**Given material**

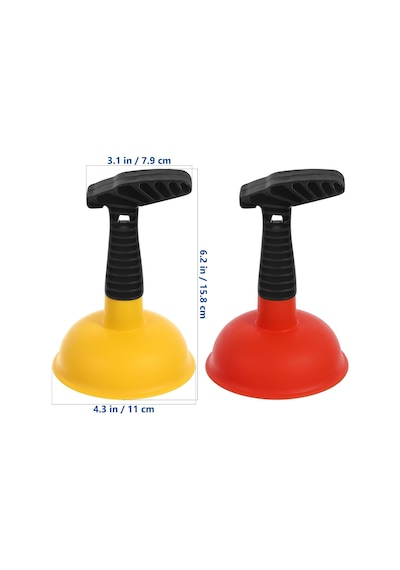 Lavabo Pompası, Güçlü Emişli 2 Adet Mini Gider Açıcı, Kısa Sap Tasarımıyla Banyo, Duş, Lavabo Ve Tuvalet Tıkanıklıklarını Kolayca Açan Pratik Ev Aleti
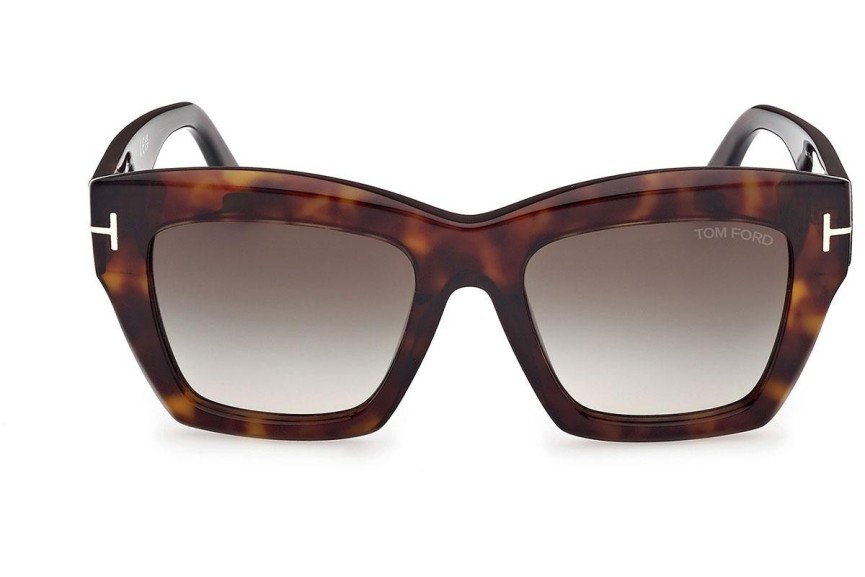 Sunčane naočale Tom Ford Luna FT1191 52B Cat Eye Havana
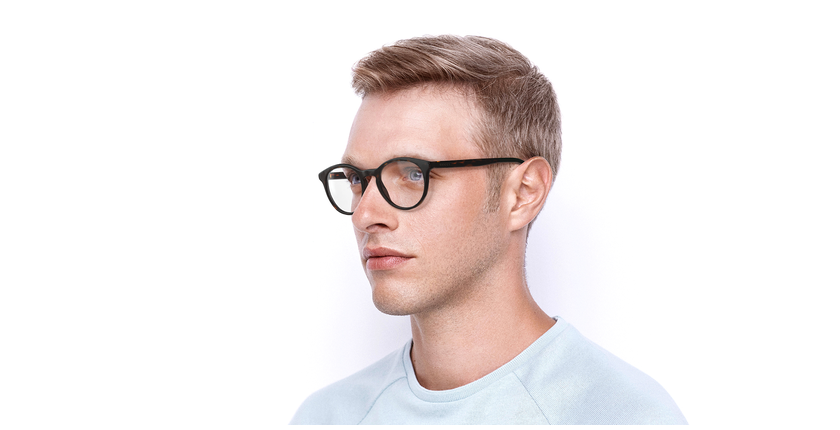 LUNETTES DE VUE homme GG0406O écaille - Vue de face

**What the task requires**
Everything above should be given again exactly, apart from the pictures.

**Answer to this task**
 Lavabo Pompası, Güçlü Emişli 2 Adet Mini Gider Açıcı, Kısa Sap Tasarımıyla Banyo, Duş, Lavabo Ve Tuvalet Tıkanıklıklarını Kolayca Açan Pratik Ev Aleti
 Sunčane naočale Tom Ford Luna FT1191 52B Cat Eye Havana
 LUNETTES DE VUE homme GG0406O écaille - Vue de face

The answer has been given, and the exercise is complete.